Bunlarda da amaç AKP ve Erdoğan’la mücadele miydi, yoksa önlerindeki tüm engellerin birer birer ortadan kaldırılıp Türkiye’nin istenilen kalıba sokulması mıydı?!

Merhum Deniz Baykal’ın tasfiyesine gelince; emperyalizmin onunla derdinin, örneğin 1 Mart tezkeresine, Kıbrıs’ı teslim alacak Annan Planı’na, Suriye sınırında mayınların temizlenmesine karşı çıkması olduğunu cümle alem bilmiyor mu?

Seçim sürecinde Muharrem İnce’yle ilgili kaset komplosu gündeme geldiğinde ona sahip çıkıp, “Devlet olarak yapılabilecek neyse her türlü yardıma hazır olduğunu” söyleyen Erdoğan, Deniz Baykal kasedi için meydanlarda, “Bu özel değil, genel genel” diye haykırmadı mı? Yani, şimdi “AKP’nin kaybetmesi” için yapıldığı öne sürülen bu operasyonu o zaman sahiplenip memnuniyet duymadı mı?

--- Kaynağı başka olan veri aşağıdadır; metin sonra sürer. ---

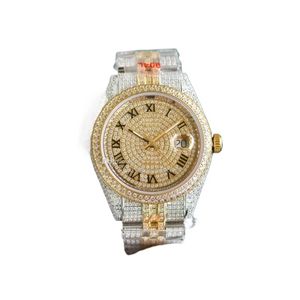 Montre de luxe moissanite montre vvs saphir en acier inoxydable 40mm montres de créateurs boucle pliante horloge calendrier montre-bracelet mécanique à la mode sb064 C4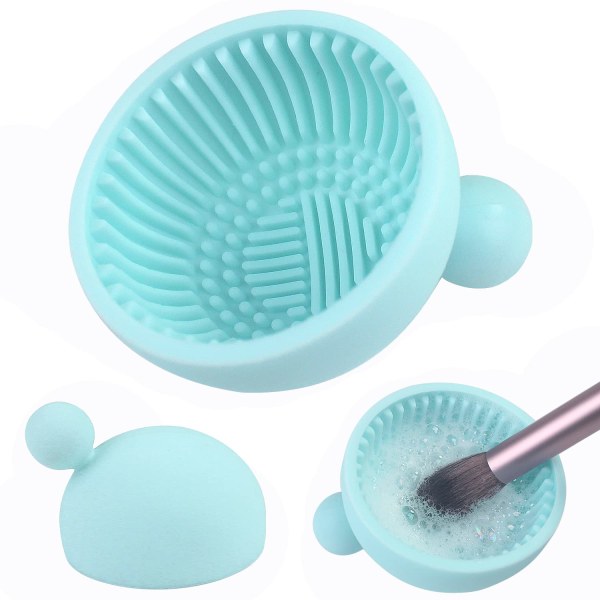 Rengöringsskål för sminkborste, rengöringsdyna för borstar, rengöringsmattor för sminkborste i silikon (blå) Blue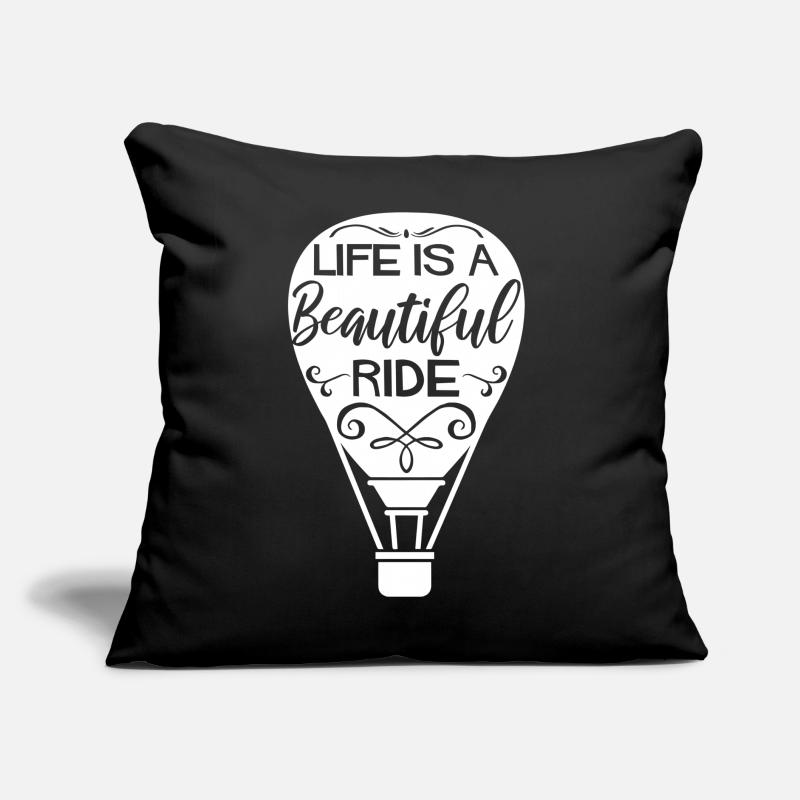 Heißluftballon Sprüche | Luftfahrt Hobby Geschenk Sofakissen mit Füllung 45 x 45 cm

Yine “Kılıçdaroğlu’ndan ve CHP’nin bu halinden ziyadesiyle memnun” olan, Erdoğan değil miydi?

Pusulasız CHP

Doğru; maalesef CHP Kılıçdaroğlu döneminde çok değişti, değiştirildi. Hem de ne değişim!..

Antiemperyalist CHP’de NATO’cular, Amerikancılar ön plana çıkarıldı

Atatürk’ün, “Kıbrıs’a dikkat ediniz. Bu ada bizim için önemlidir.” sözü unutulup, “Kıbrıs Kıbrıslılara bırakılmalıdır.” diyenler geldi…

Türk Milleti kavramını ortadan kaldırmanın önemli adımlarından birisi olan ana dilde eğitim savunulmaya başlandı

12 Eylül darbesinden sonra ülkemizin siyasi ve ekonomik temellerine dinamitleri yerleştiren Özal rehber seçildi

Bizzat Genel Başkan, “Son 10 yılda siyasal partiler arasında en büyük değişimi yaşayan parti CHP’dir.”, “Şimdi CHP gerçek anlamda halkın partisidir.” sözleriyle eski CHP’yi kötüledi. CHP bu zamana kadar kimin partisi idiydi ki?..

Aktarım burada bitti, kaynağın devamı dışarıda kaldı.